_TO DO_
Each line below must be reproduced exactly, though the pictures are to be dropped.

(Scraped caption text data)
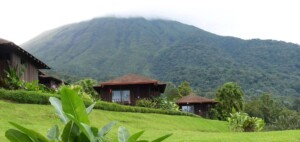 Huts on land in Costa Rica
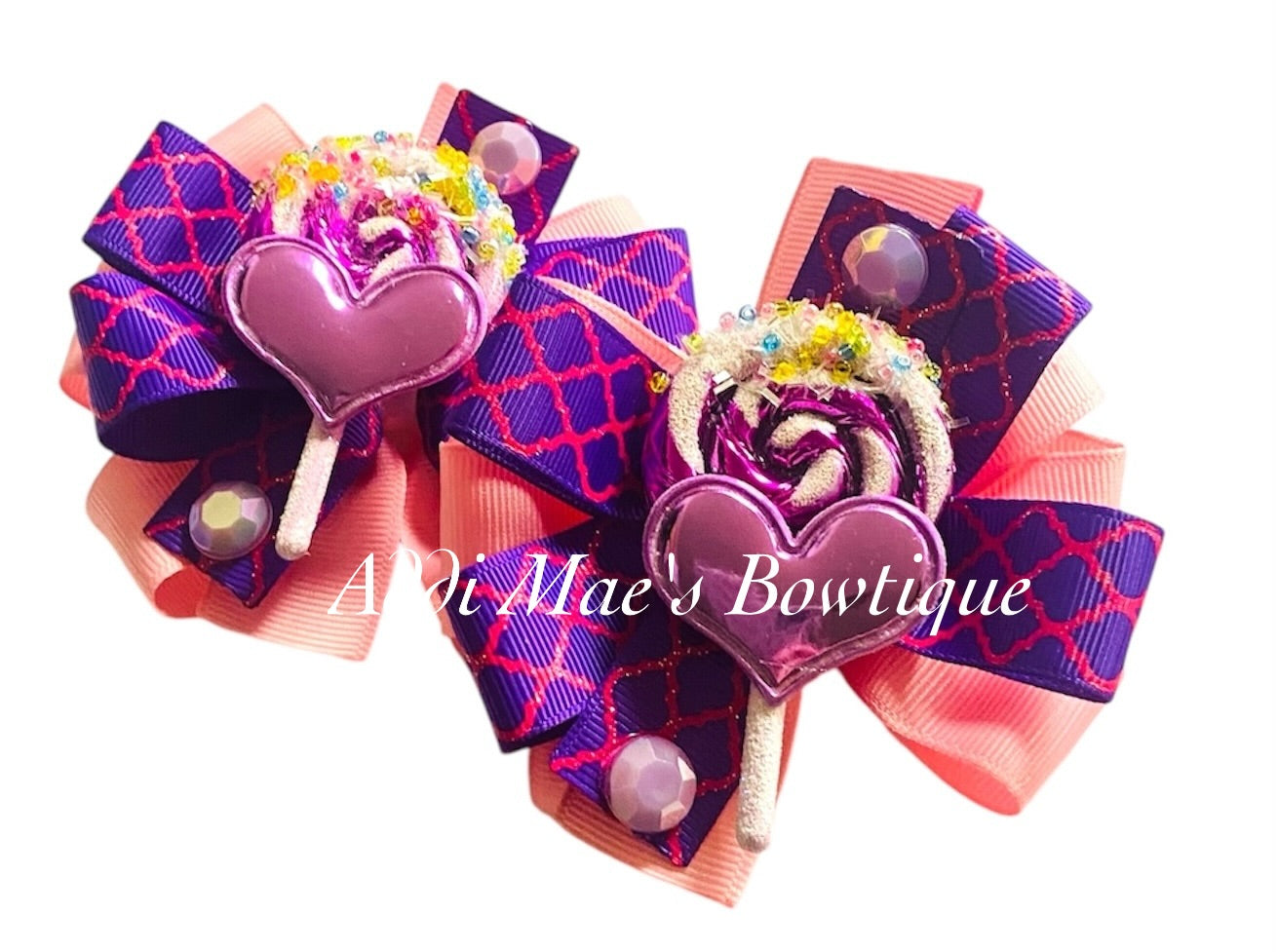 Lollipop Hearts Ribbon Piggy Bows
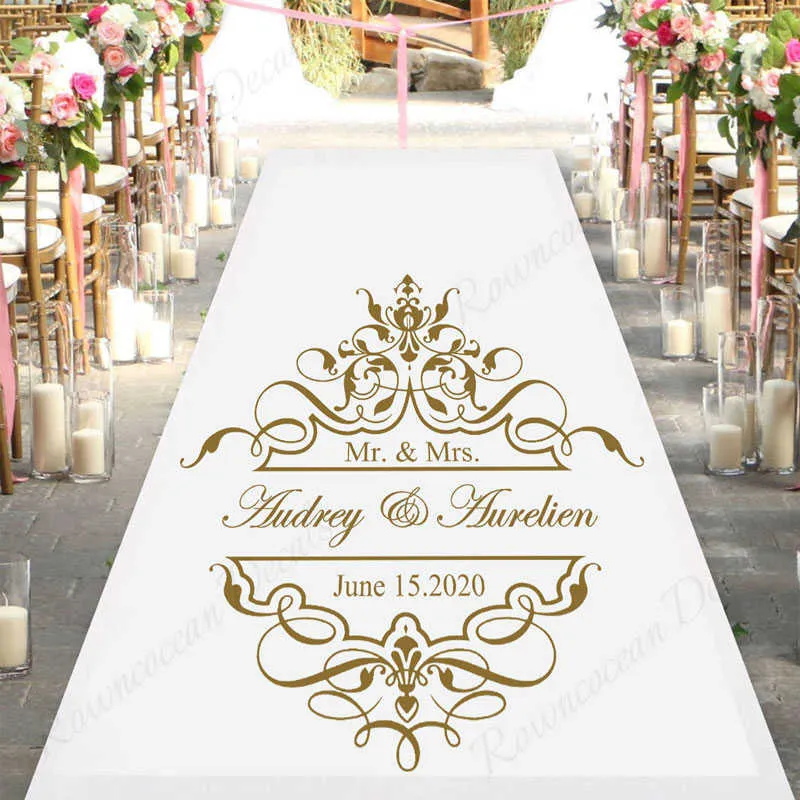 Spersonalizowany panna młoda Groom Name and Date Wedding Taniec Piętro Naklejki Vinyl Wedding Party Decoration Center of Floor Sticker 4496 210705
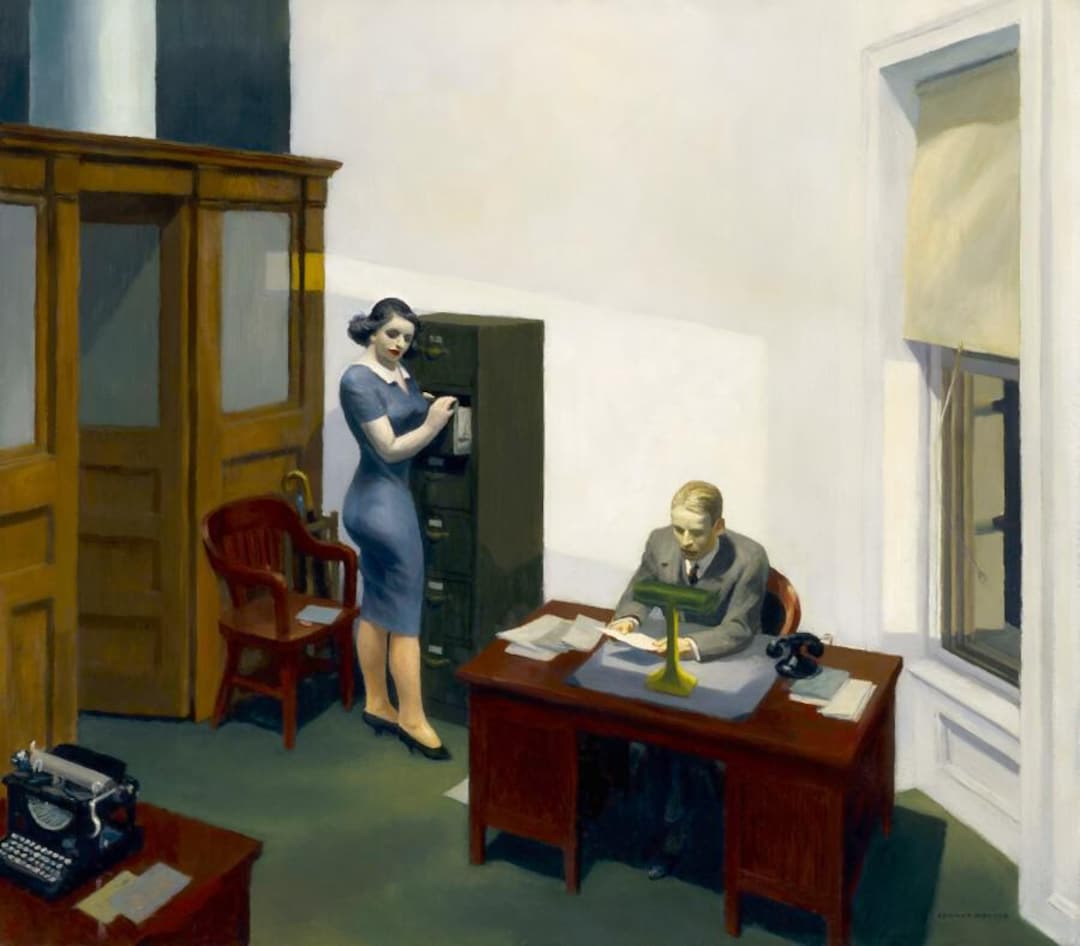 夜のオフィス エドワード・ホッパー 1940年 男性と女性 秘書 絵画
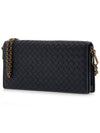 Leather Intrecciato Chain Shoulder Bag Black - BOTTEGA VENETA - BALAAN 3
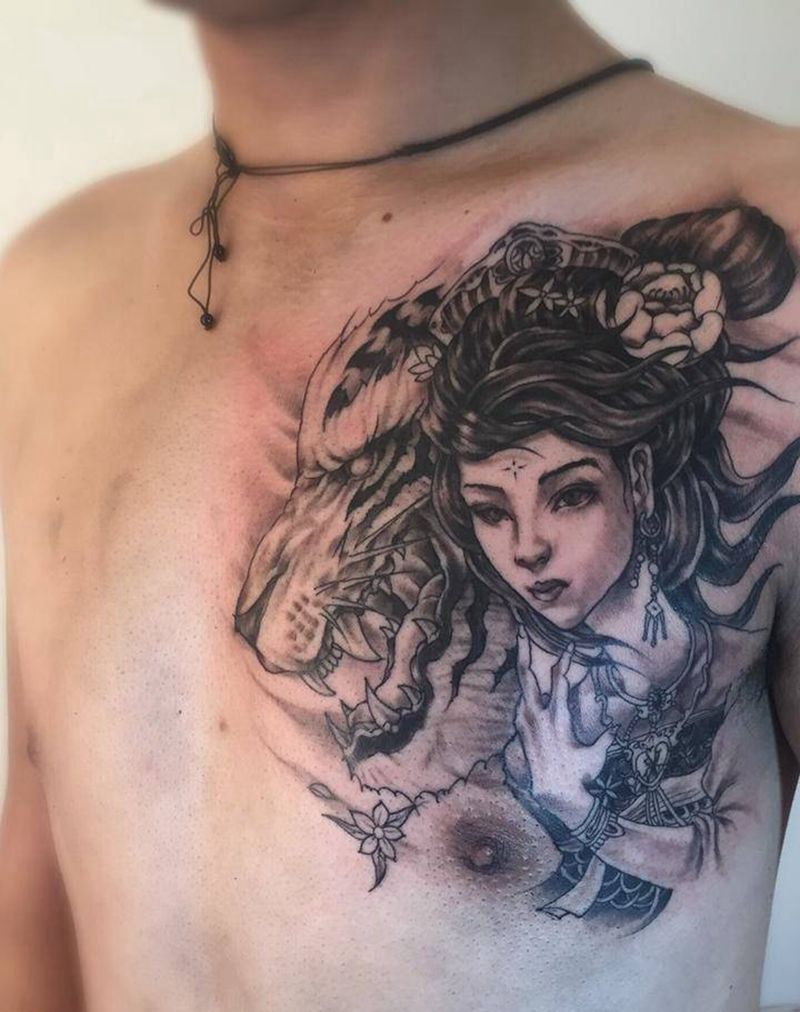 老虎艺伎纹身图片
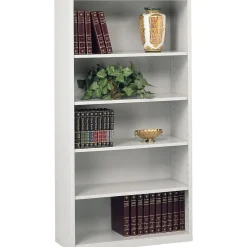 Outlet 66"H 5-Shelf Welded Bookcase, Light Grey (TNN-B66LGY) Bookcases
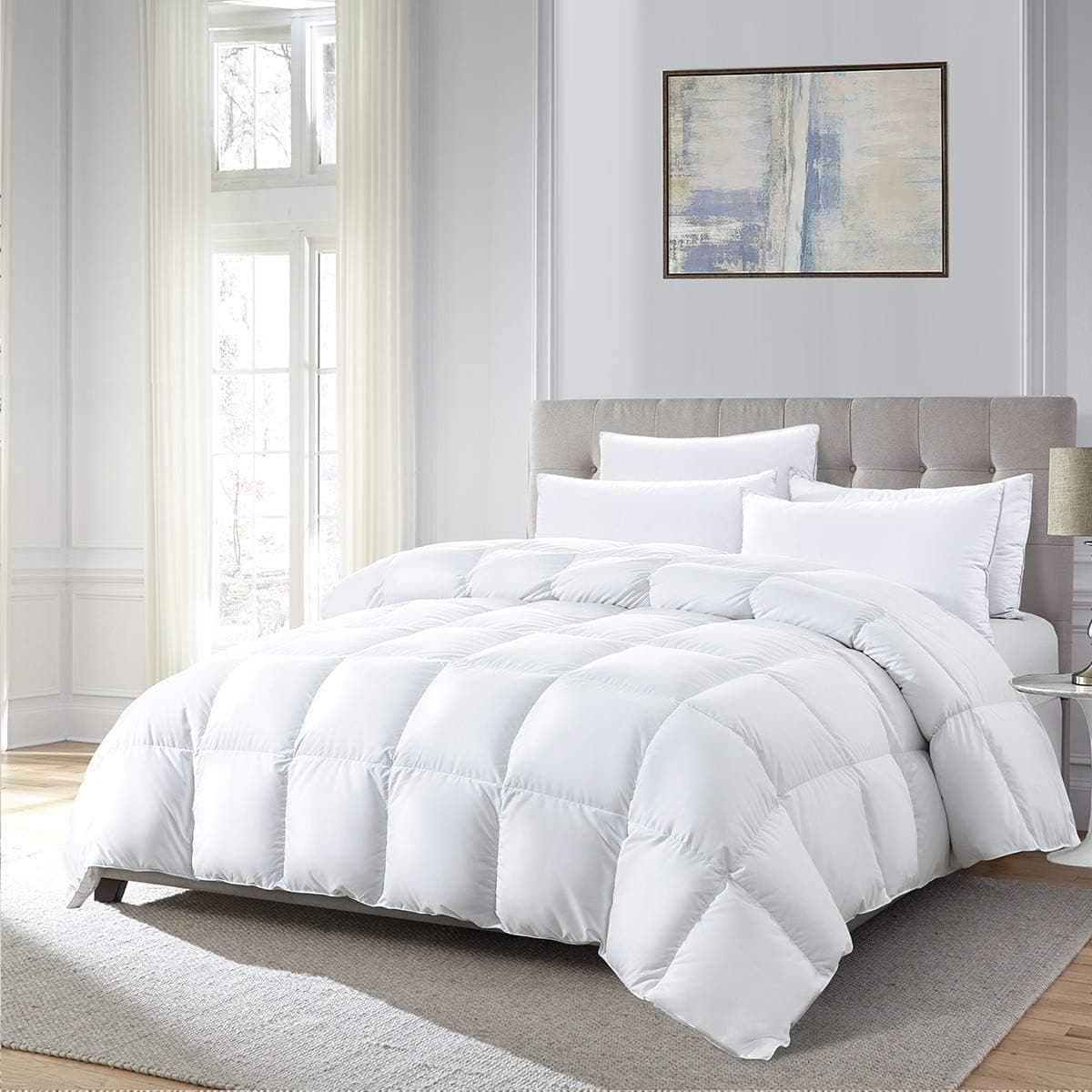 DOWNINNER Queen Size Down Alternative Comforter,- Brushed Microfiber Cover,Quilt with Corner Tab Hypoallergenic Plush Mircofiber Comforter Duvet Insert (90x90 Inches,White),Down Alternative Comforter-Queen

_RESPONSE BELOW_
 Huts on land in Costa Rica
 Lollipop Hearts Ribbon Piggy Bows
 Spersonalizowany panna młoda Groom Name and Date Wedding Taniec Piętro Naklejki Vinyl Wedding Party Decoration Center of Floor Sticker 4496 210705
 夜のオフィス エドワード・ホッパー 1940年 男性と女性 秘書 絵画
 Leather Intrecciato Chain Shoulder Bag Black - BOTTEGA VENETA - BALAAN 3
 老虎艺伎纹身图片
 Outlet 66"H 5-Shelf Welded Bookcase, Light Grey (TNN-B66LGY) Bookcases
 DOWNINNER Queen Size Down Alternative Comforter,- Brushed Microfiber Cover,Quilt with Corner Tab Hypoallergenic Plush Mircofiber Comforter Duvet Insert (90x90 Inches,White),Down Alternative Comforter-Queen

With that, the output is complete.